A mudança de treinador marca o ponto de viragem. Com Carlo Ancelotti, Rodrygo era um titular indiscutível, um jogador em quem o técnico italiano confiava para resolver partidas. Xabi Alonso chegou e o cenário alterou-se. O avançado perdeu o estatuto de primeira escolha e agora compete por um lugar no onze inicial, uma batalha que tem perdido com frequência. No último jogo da Liga espanhola, foi substituído por Vinícius Júnior já no início da segunda parte, um sinal claro da sua posição atual na hierarquia.
Durante este período de quase 30 jogos oficiais sem marcar, Rodrygo apenas conseguiu encontrar o fundo da rede ao serviço da seleção brasileira — marcou duas vezes contra a Coreia do Sul — e num amigável de pré-temporada. Nada que conte para o Real Madrid, nada que quebre o jejum que o assombra.

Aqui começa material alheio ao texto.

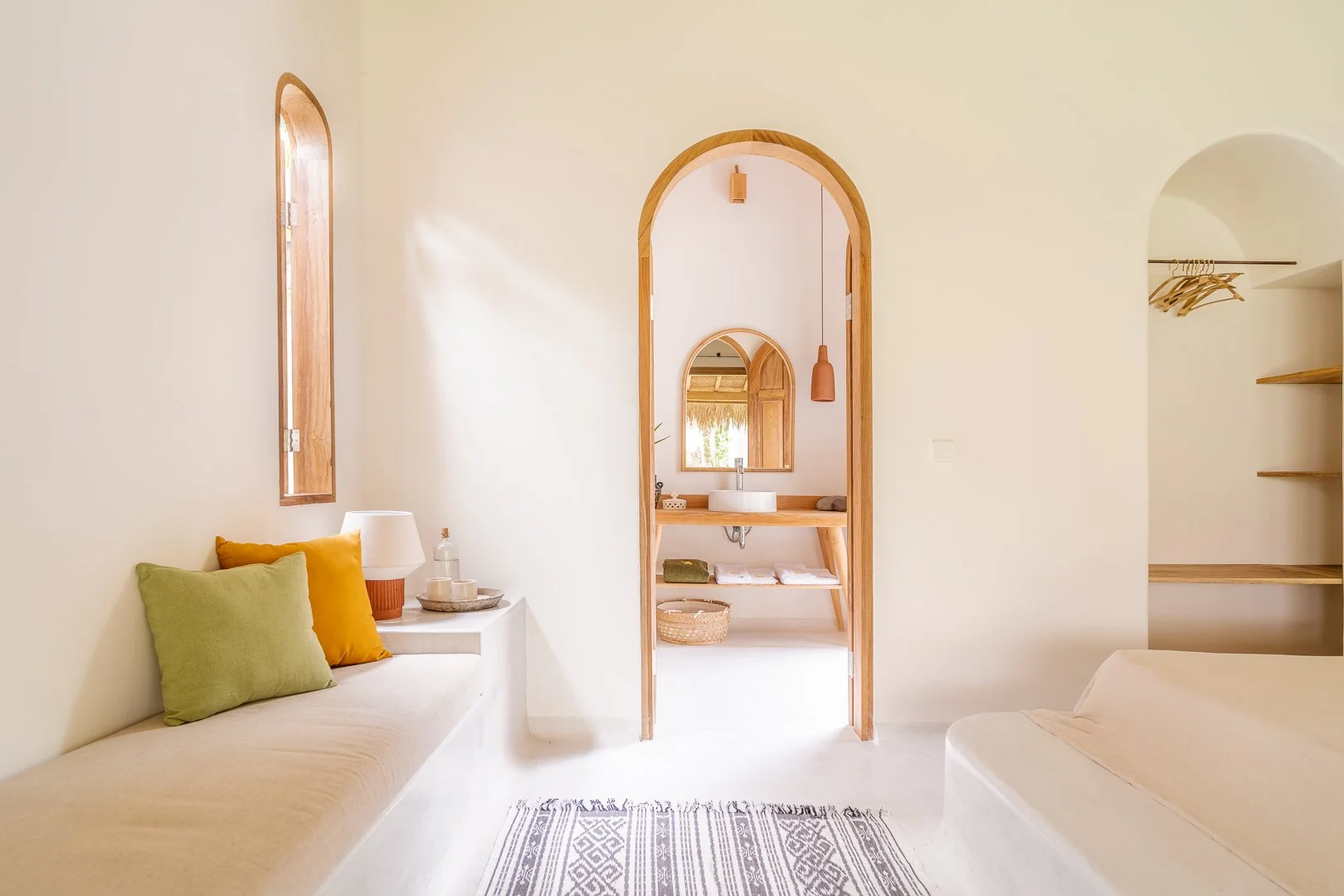 YAMABALIAN_ROOM_DELUXE__3_DSC03545-HDR.jpg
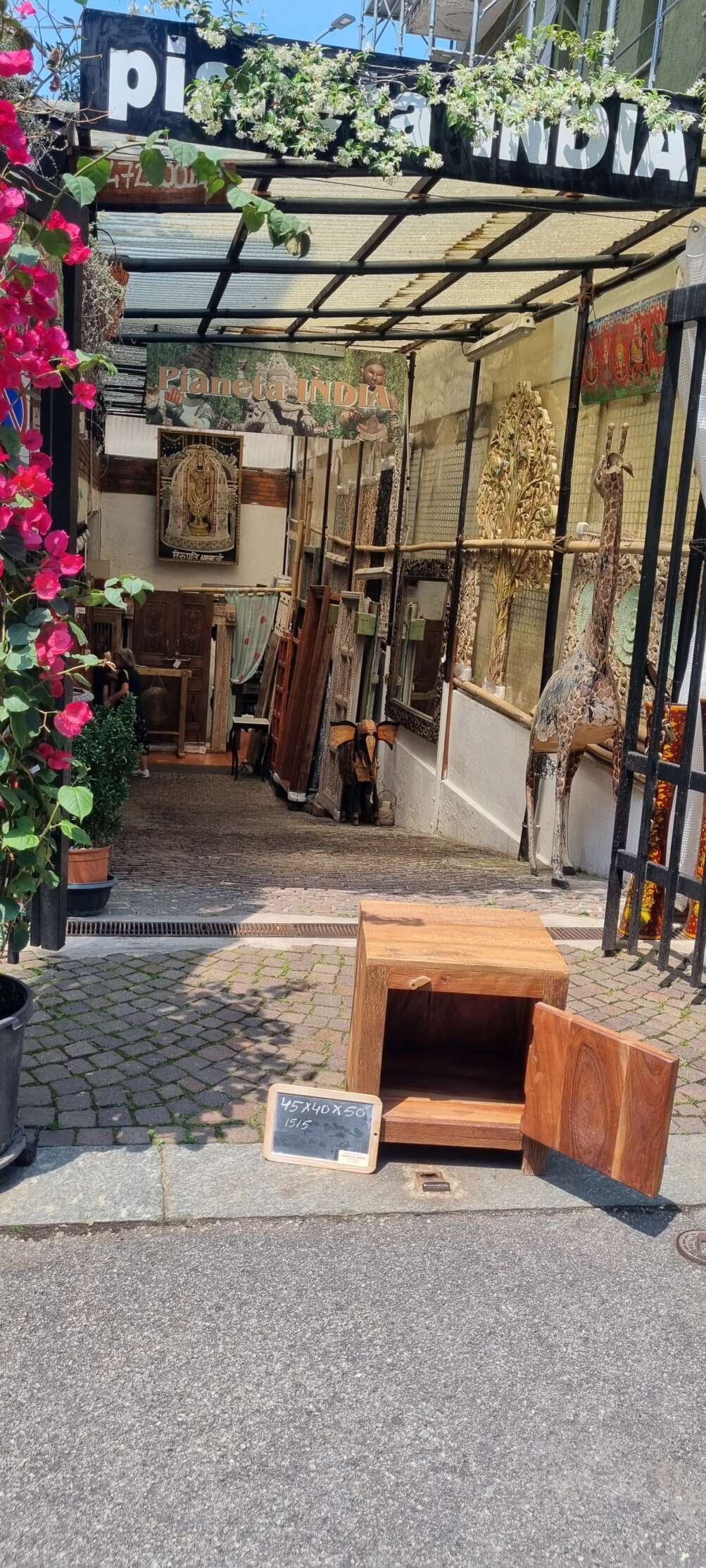 Comodino con anta scolpita chiara - immagine 12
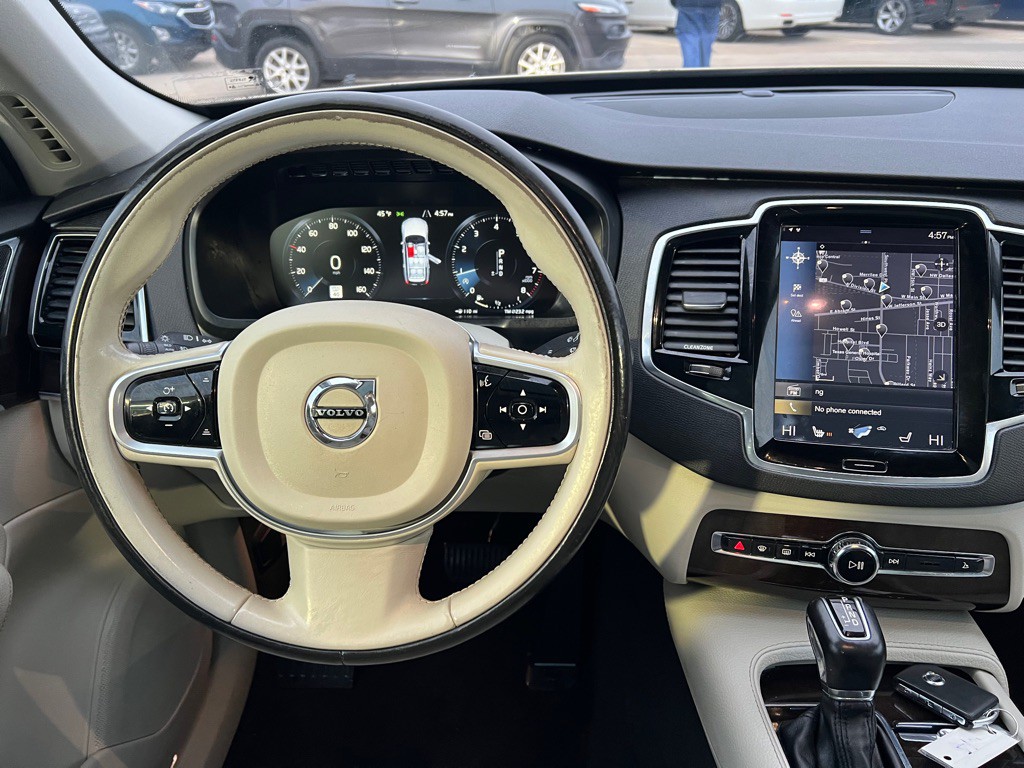 2016 Volvo XC90 Image 19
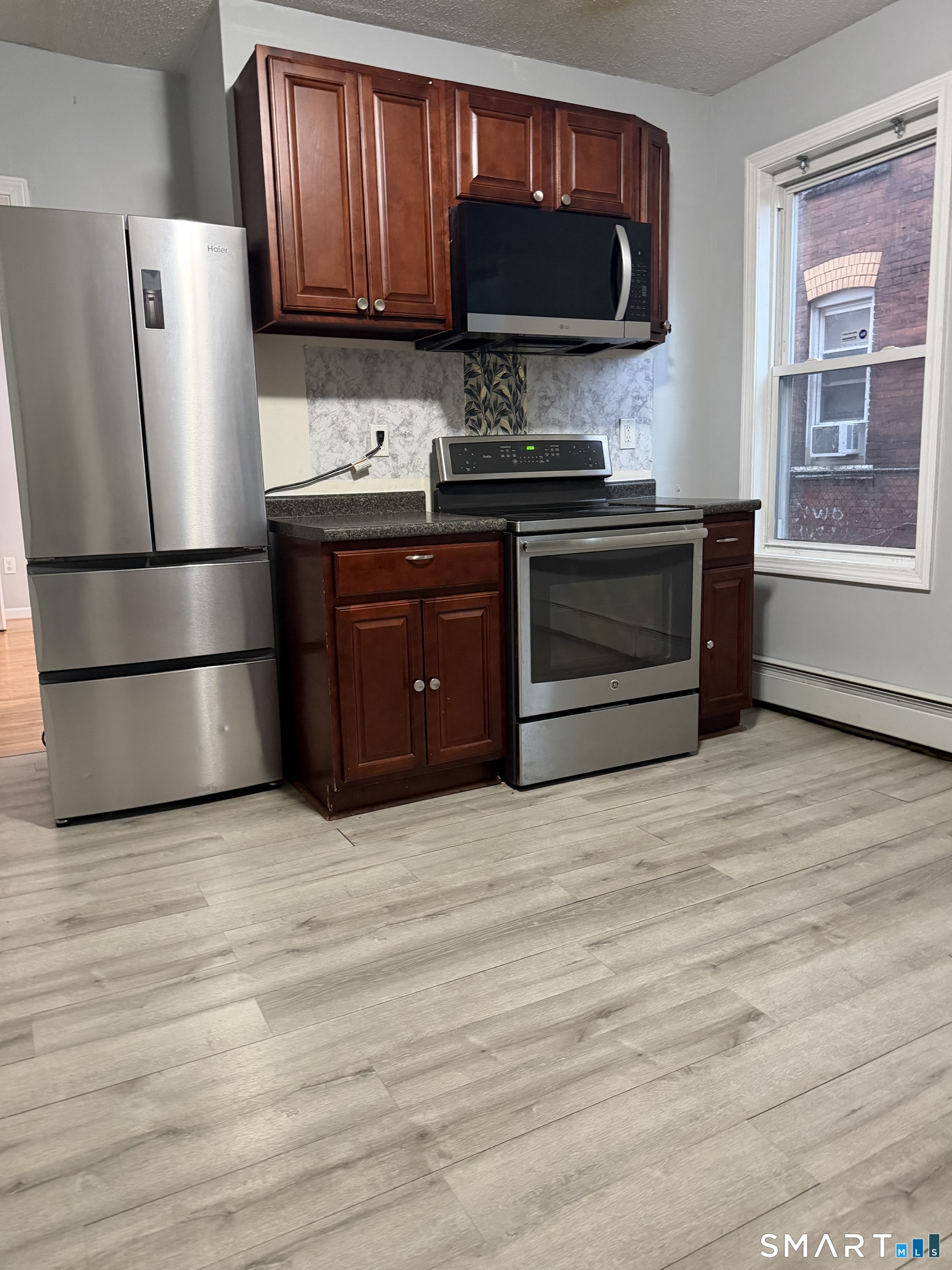 98-100 Shultas Place Hartford CT 06114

A titularidade contra o Olympiacos permanece incerta. Xabi Alonso pode optar por manter Rodrygo no banco ou dar-lhe uma oportunidade para recuperar confiança. Seja qual for a decisão, o contexto é pesado. O Real Madrid ocupa o nono lugar na fase de liga da reformulada Liga dos Campeões, com apenas nove pontos, e precisa de contribuições ofensivas de todos os seus jogadores. Rodrygo, que deveria ser um dos pilares dessa ofensiva, tornou-se numa questão em aberto. A próxima noite europeia pode ser o ponto de viragem ou apenas mais um capítulo de uma crise que se prolonga.
Citações Notáveis
Sob a orientação de Xabi Alonso, o avançado perdeu o estatuto de titular indiscutível que detinha com Carlo Ancelotti— Contexto da mudança de treinador
A Conversa do Hearth Outra perspectiva sobre a história
Como é que um jogador que marcava 14 golos por época acaba numa situação destas?

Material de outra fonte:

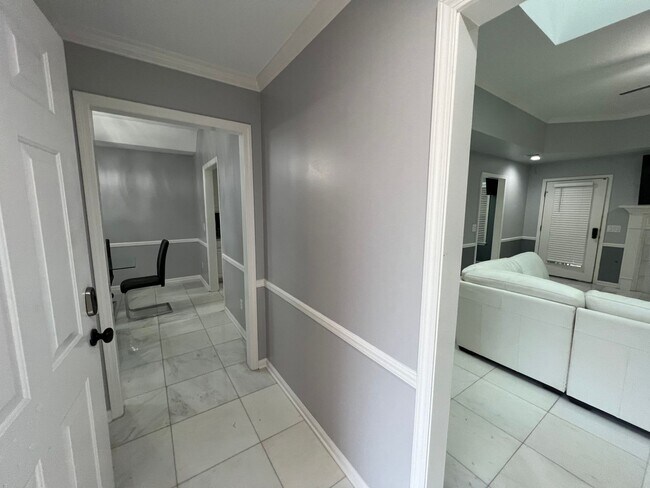 Photo - 10120 Sunlight Dr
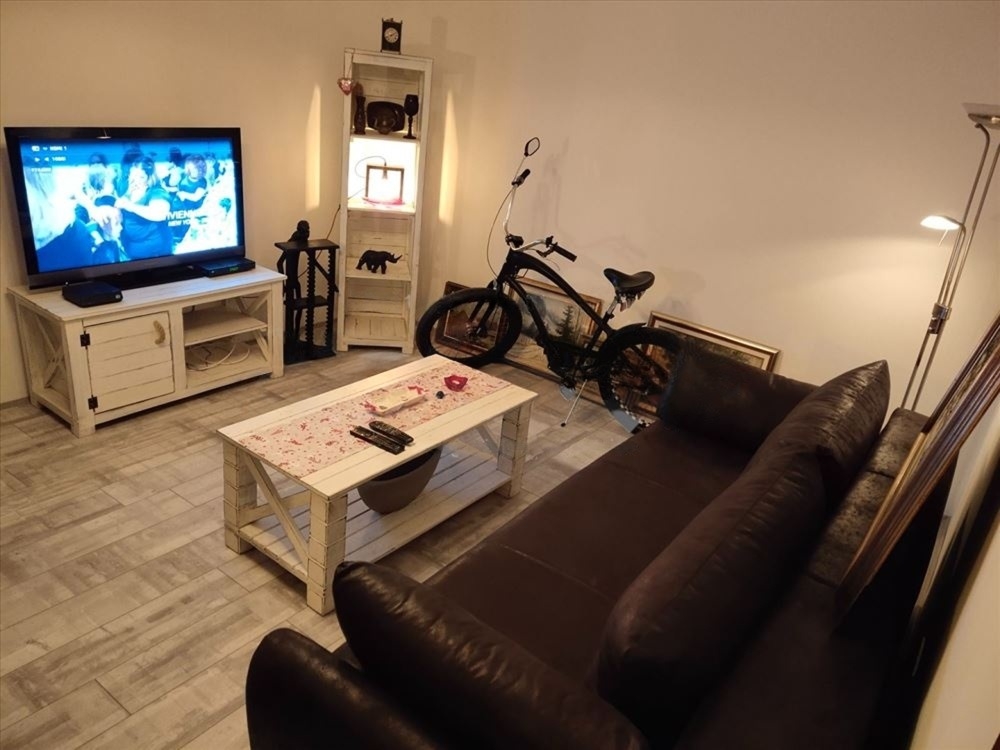 Centar Zemuna kuca sa dva stana-retko u ponudi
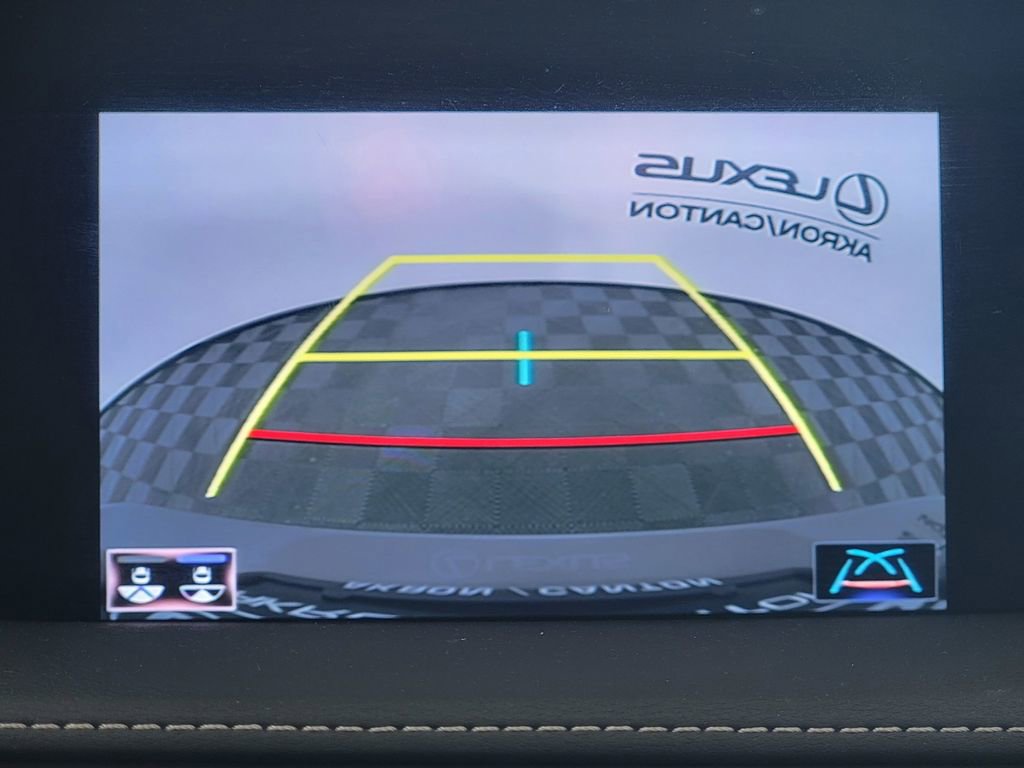 Used 2018 Lexus LS 500h AWD w/ Accessory Package (Z2) image 38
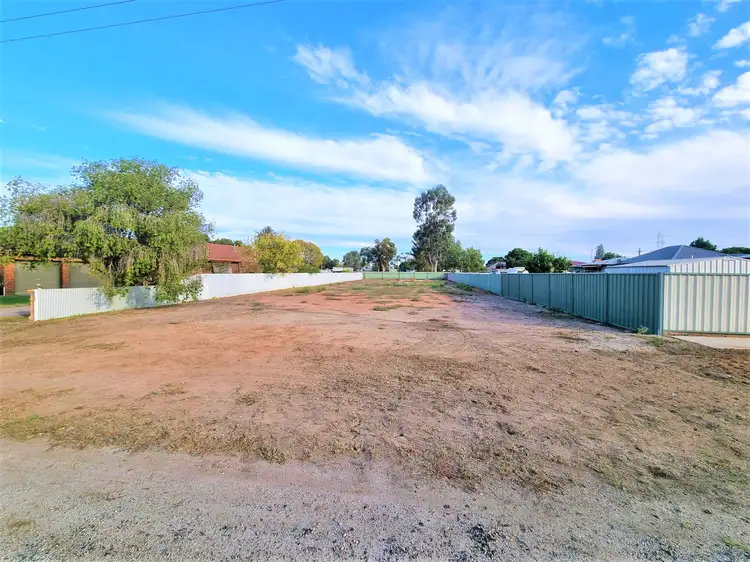 6 Croton Street, Kerang VIC 3579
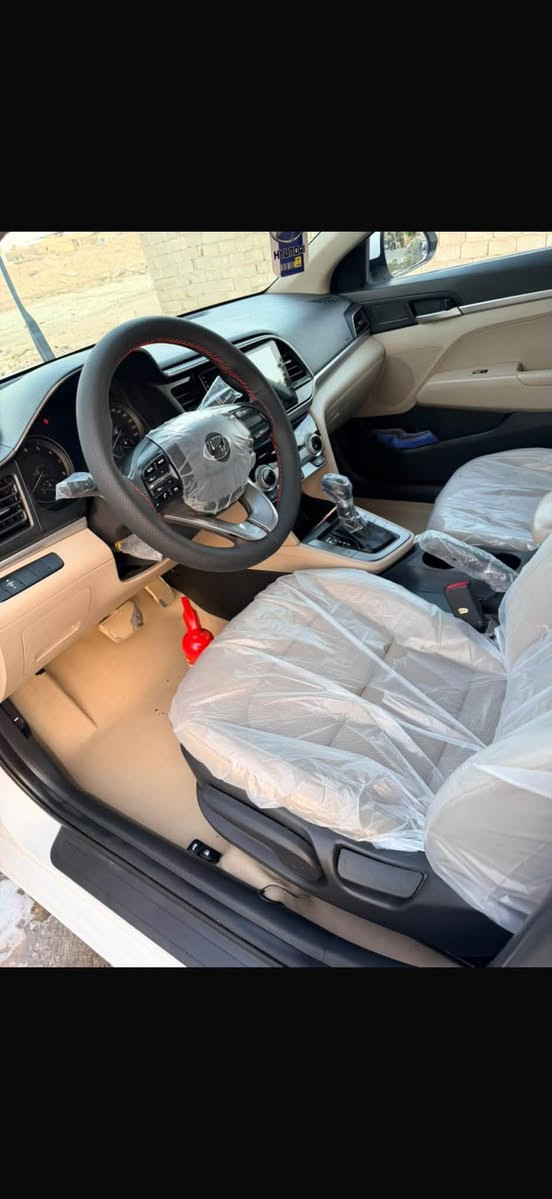 السلام عليكم النترا 2020 مكينه 2000 سياره نظيفه بيه شبر بالبنيد ب 155 وبيه مجال بالعافيه عل ياخذه تواصل اتصال وواتساب ***********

Não é só sobre talento. Rodrygo tinha um lugar garantido com Ancelotti. Xabi Alonso chegou com ideias diferentes, e Rodrygo não conseguiu adaptar-se rápido o suficiente. Perdeu confiança, perdeu minutos, e agora está preso num ciclo.

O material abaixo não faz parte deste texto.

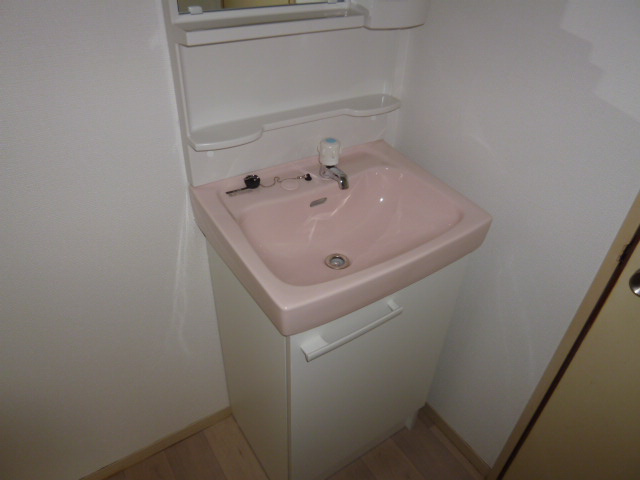 浅尾山ハイツの独立洗面台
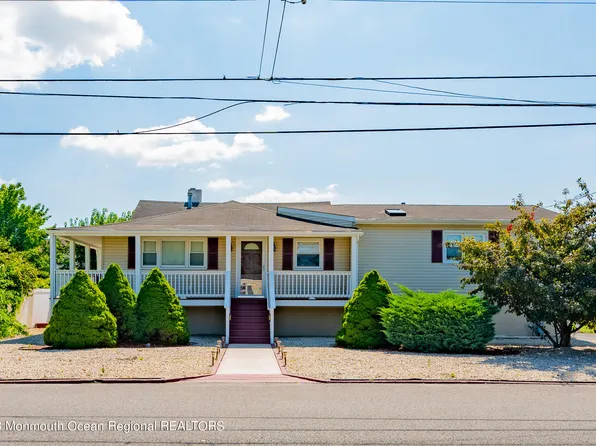 15 Shorecrest Drive, Toms River, NJ 08753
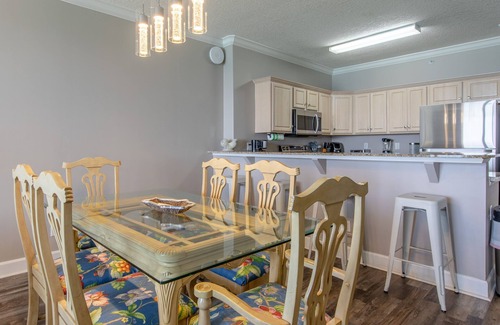 Long Beach Condo | 2BR 2BA ON 11TH FLOOR @THE TWIN PALMS!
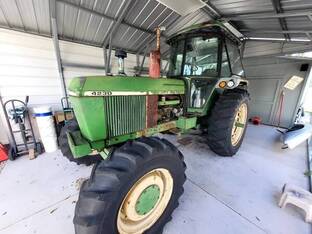 John Deere 4230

Mas ele ainda marca pela seleção. Isso não prova que o problema é só mental?
Prova exatamente isso. Quando joga pela seleção, tem liberdade, tem confiança. No Real Madrid, está sempre a olhar para trás, sempre à espera de ser substituído. É uma pressão diferente.
Mariano Díaz marcou 30 jogos sem faturar. Como é que um jogador sobrevive a isso?
Mariano era mais jovem, tinha menos expectativas. Rodrygo é uma estrela. As pessoas esperam dele. Cada jogo sem golo é uma manchete, é uma dúvida pública sobre a sua qualidade.
Pode isto acabar bem para ele?
Pode. Uma noite contra o Olympiacos, um golo, e muda tudo. Mas se não acontecer, a conversa muda. Começa-se a falar em transferência, em desperdício de talento.